Remote functionality isn’t of much use when remote playback isn’t possible because of the aforementioned server endpoint discovery limitation.

What discovery? You don’t need it if you have a static (or close enough to static) external IP address.

What does a static IP address have to do with anything?

You are guessing on how it should work. Discovery happens from your server inside your network and it finds the advertised playback devices. This discovery cannot traverse outside your private network or even outside the subnet for that matter.

You’re assuming discovery needs to happen in the first place. Discovery from client and server is only necessary if you don’t want the client to have static information about your server configured (such as IP address and port number). If you have those things, what else is there to discover?

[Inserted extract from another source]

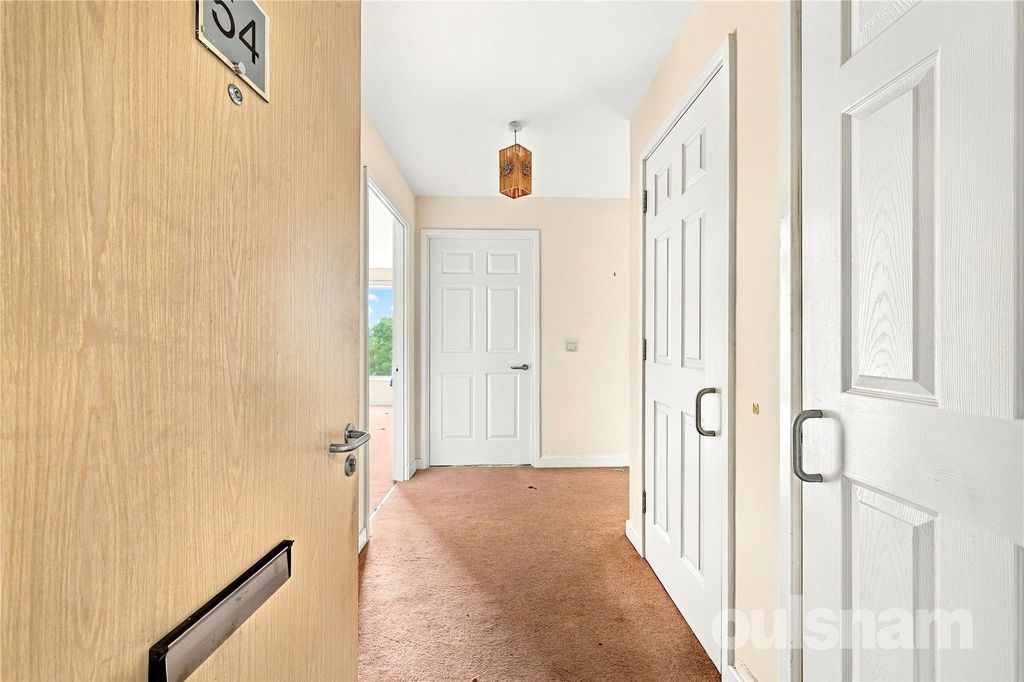 Property photo 2 of 8 Picture No. 02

Roon is very complex software, so maybe it does need to discover other things, but as far as client talking to server, IP address and port number is all you need, and those can be easily port forwarded on your firewall.

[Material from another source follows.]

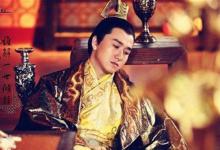 元善见做了什么事情导致自己成了傀儡?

The static IP address is helpful from an outside network, since most home internet providers give you a DHCP address that can change any time, though in practice that address is often static for long periods of time. It wouldn’t be hard for me to find out my latest IP address from outside the network anyway.

Heck Roon on my phone itself will ask me for an IP address if it has trouble discovering the server on my network. I’ve had to do this a couple of times already.

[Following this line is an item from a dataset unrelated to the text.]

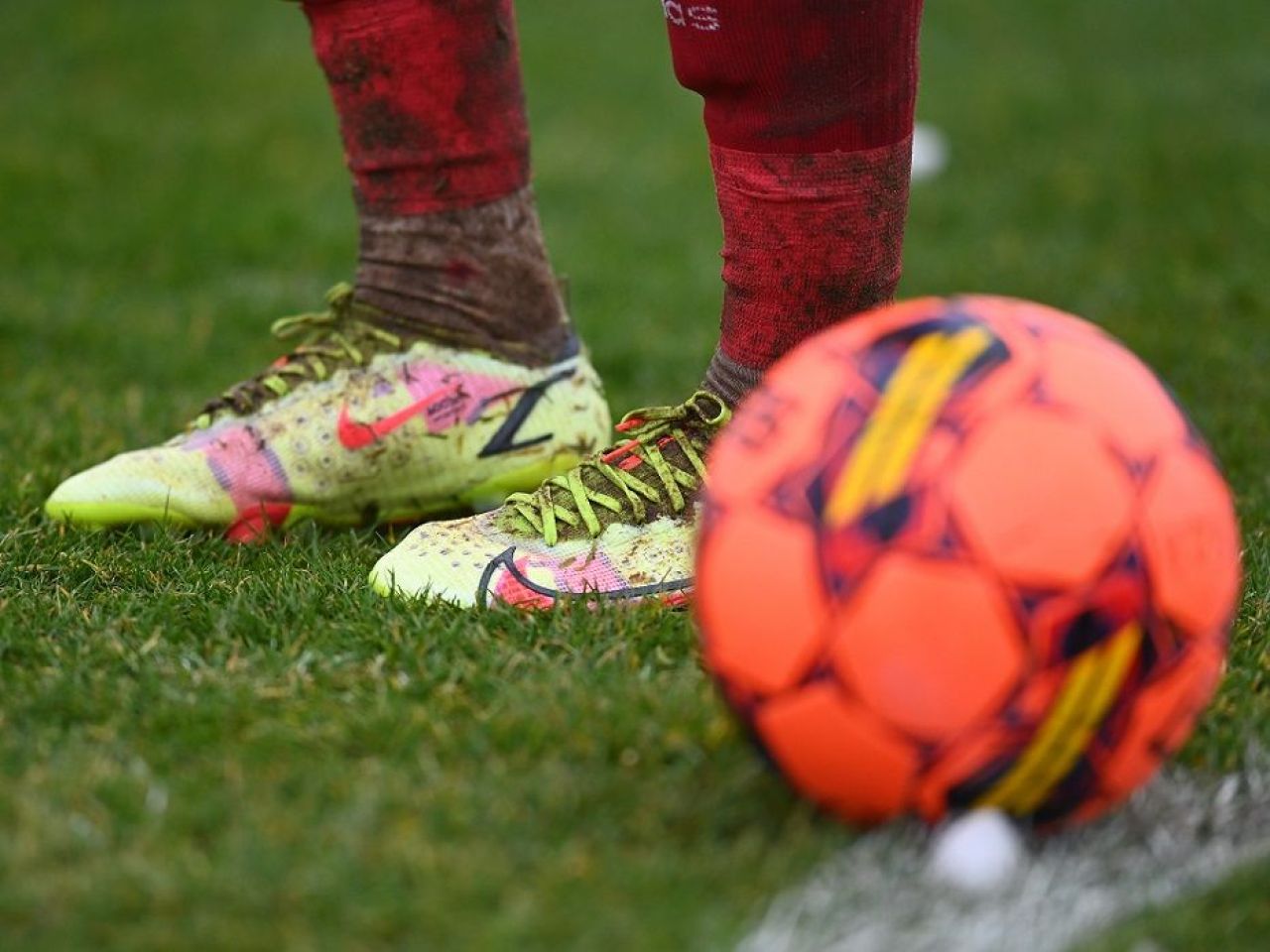 „Magicianul” din Superligă! A fost desemnat cel mai bun dribleur din campionatul României _1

Browsing is one thing, the bigger issue is playback outside your local network’s subnet.

I was just trying to help you understand why having a public ip address (static or dynamic) and open ports won’t work with playback as Roon is implemented right now. Heck even a VPN solution won’t work unless it’s a layer 2 bridge VPN.

All that said, I’m quite certain they won’t ever make it as simple as a public ip address and port forwarding. Doing so allows a person to easily share their Roon environment with many others license free.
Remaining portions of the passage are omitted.